As soon as Joe Bob rolled those drive-in totals (in which he boiled down the film to its core essence — number of onscreen deaths, exposed breasts, monster transformation sequences, etc.) I was hooked. Here was a guy who was the anti Leonard Maltin, an of-the-soil humorist who truly appreciated cinematic trash as the unrefined, unsung art it truly was. So amused by his wit and the scope of his useless movie trivia knowledge (remember, this was well before IMDb ruled the world) that I decided to stick around for the second movie on the double bill — the no-budget ‘80s sci-fi cheapie Trancers — even though I had no real interest in that particular movie itself. The way Joe Bob deconstructed and dissected and disassembled movies was so appealing that Monstervision was worth checking out solely to hear him go off on rants and tangents and asides about everything from French philosophy to Civil War literature to expressionistic art.

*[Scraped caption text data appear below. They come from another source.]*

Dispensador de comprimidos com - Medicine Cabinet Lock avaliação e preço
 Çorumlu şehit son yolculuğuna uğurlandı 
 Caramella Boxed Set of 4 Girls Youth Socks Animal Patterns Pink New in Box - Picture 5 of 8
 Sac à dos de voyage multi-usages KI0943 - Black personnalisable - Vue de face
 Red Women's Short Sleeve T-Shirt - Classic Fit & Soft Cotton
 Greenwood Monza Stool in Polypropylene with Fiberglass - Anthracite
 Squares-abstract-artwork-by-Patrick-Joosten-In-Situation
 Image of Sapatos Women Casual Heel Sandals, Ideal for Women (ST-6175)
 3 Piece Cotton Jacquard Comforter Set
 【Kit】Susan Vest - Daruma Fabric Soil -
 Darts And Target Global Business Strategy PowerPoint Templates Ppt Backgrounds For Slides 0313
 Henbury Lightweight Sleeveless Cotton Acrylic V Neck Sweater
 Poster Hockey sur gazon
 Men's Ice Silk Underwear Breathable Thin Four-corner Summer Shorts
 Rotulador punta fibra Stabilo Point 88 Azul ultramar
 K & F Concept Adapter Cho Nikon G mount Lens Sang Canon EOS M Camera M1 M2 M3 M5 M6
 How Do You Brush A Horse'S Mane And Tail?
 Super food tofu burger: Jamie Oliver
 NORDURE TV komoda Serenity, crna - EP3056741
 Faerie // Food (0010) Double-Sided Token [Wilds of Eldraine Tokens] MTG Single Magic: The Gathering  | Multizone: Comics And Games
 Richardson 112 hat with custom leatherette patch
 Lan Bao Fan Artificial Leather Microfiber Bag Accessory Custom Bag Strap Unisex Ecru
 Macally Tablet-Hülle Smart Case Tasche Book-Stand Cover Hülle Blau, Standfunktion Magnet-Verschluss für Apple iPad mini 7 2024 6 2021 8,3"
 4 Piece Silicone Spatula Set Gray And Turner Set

For the next three years, my entire week basically revolved around Saturday night. It didn’t matter if Monstervision was showing a legitimately great genre movie like Return of the Living Dead or an unsung gem like Parents or even utter dreck like Superbeast, getting to hear Joe Bob yammer and rave until early Sunday morning made each and every episode a must-see. To this day, the infamous 1998 dusk-to-dawn Friday the 13th mega-movie-marathon remains one of the highlights of my middle school years.
But Joe Bob Briggs and Monstervision just didn’t cement my genre fandom, it made me a connoisseur of cinema as a whole. Hearing Joe Bob simply talk about all the movies he couldn’t show on a Turner network inspired me to seek out stuff I otherwise never would’ve heard of — not just exploitation classics like The Last House on the Left and The Texas Chainsaw Massacre, but the works of Bergman and Antonioni to boot.
Yes … a guy named “Joe Bob” was what got me into classic Italian cinema. Go figure.
Ever since Monstervision was cancelled in 2000 I dreamed of the day that some network came along and resurrected the program. Well, earlier this year — and after an 18-year-hiatus — Joe Bob Briggs made his triumphant return to the airwaves … well, sorta … when the online streaming service Shudder aired a “live” 24-hour movie marathon hosted by the Old Milwaukee-chuggin’ one himself. The feedback from the aptly titled The Last Drive-In was overwhelming — literally, since so many long-deprived Joe Bob fans logged onto the network that the Shudder servers crashed.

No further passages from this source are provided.